Pour le sénateur LR, François-Noël Buffet, rapporteur du projet de loi de programmation pour la justice, « rien ne serait pire que de faire un texte qui affiche de grandes intentions mais qui au bout du compte, serait totalement inefficace ». « C’est tout le travail d’expertise juridique mais surtout technique qui va devoir être fait ».

« Facebook ne dispose pas de garanties d’indépendance et d’impartialité pour juger ce qui est haineux ou non »

En effet, les propositions contenues dans le rapport pourraient, à première vue, conduire à des effets indésirables. « Seules les grandes plateformes ont les moyens de se munir d’algorithmes permettant ce filtrage généralisé et ainsi retirer des contenus dans un délai court. Une telle loi renforcerait l’hégémonie de Facebook, Twitter… Mais surtout, Facebook ne dispose pas de garanties d’indépendance et d’impartialité pour juger ce qui est haineux ou non. Il ne peut se substituer à un magistrat dont c’est le rôle » rappelle Alexis Fitzjean O Cobhthaigh avocat au barreau de Paris et membre de la Quadrature du Net. Dans une interview au Monde, la députée Laetitia Avia affirme également sa volonté d’accélérer la levée de l’anonymat pour les auteurs d’injures racistes ou antisémites sur le web. « Pour lever l’anonymat sur le Net, la France contraint les hébergeurs de contenus à conserver les données de connexions pendant un an. Or, la jurisprudence de la Cour de Justice européenne considère que ce n’est pas conforme au droit européen » observe Alexis Fitzjean O Cobhthaigh.
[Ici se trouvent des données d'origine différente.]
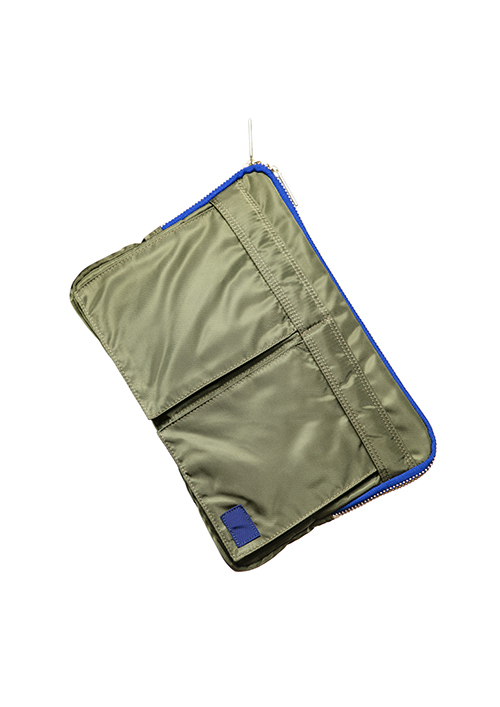 sacai×ポーターのコラボメンズバッグ - サカイらしい配色、ディテールを高い機能性で｜写真11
De plus, comme le soulignait le mois dernier un collectif de féministes contre le cyber harcèlement, « interdire l’anonymat serait contre-productif et n’aurait pour effet que de limiter encore un peu plus la liberté d’expression des groupes opprimés, faisant ainsi d’internet un espace encore plus inégalitaire et donc encore plus violent ».

« Dans l’expression de la haine, vous trouverez toujours un moyen de la diffuser »

Fabrice Epelboin, professeur à Sciences po, spécialiste des médias sociaux, note, pour sa part, « une quantité de techniques de détournement d’un système de reporting citoyen. Dans l’expression de la haine, vous trouverez toujours un moyen de la diffuser pour que ceux qui la partagent, l’entendent. Dans le sens inverse, on peut également imaginer que des internautes utilisent de manière coordonnée cette nouvelle procédure de signalement pour faire retirer des contenus qui ne seront pas forcément haineux ».

Pour l'avocat Thierry Vallat, spécialisé en droit numérique, « l’arsenal législatif et judiciaire est suffisant pour lutter contre la haine sur Internet, après il faut avoir les moyens de nos ambitions. Par exemple, en matière de diffamation les délais pour un jugement peuvent aller jusqu’à trois ans ».

Dans sa recommandation n°14, le rapport parlementaire préconise la création « de chambres pénales spécialisées dans le traitement des infractions (actes et propos) relatives au racisme, à la discrimination, à l'antisémitisme, en ligne et hors ligne ».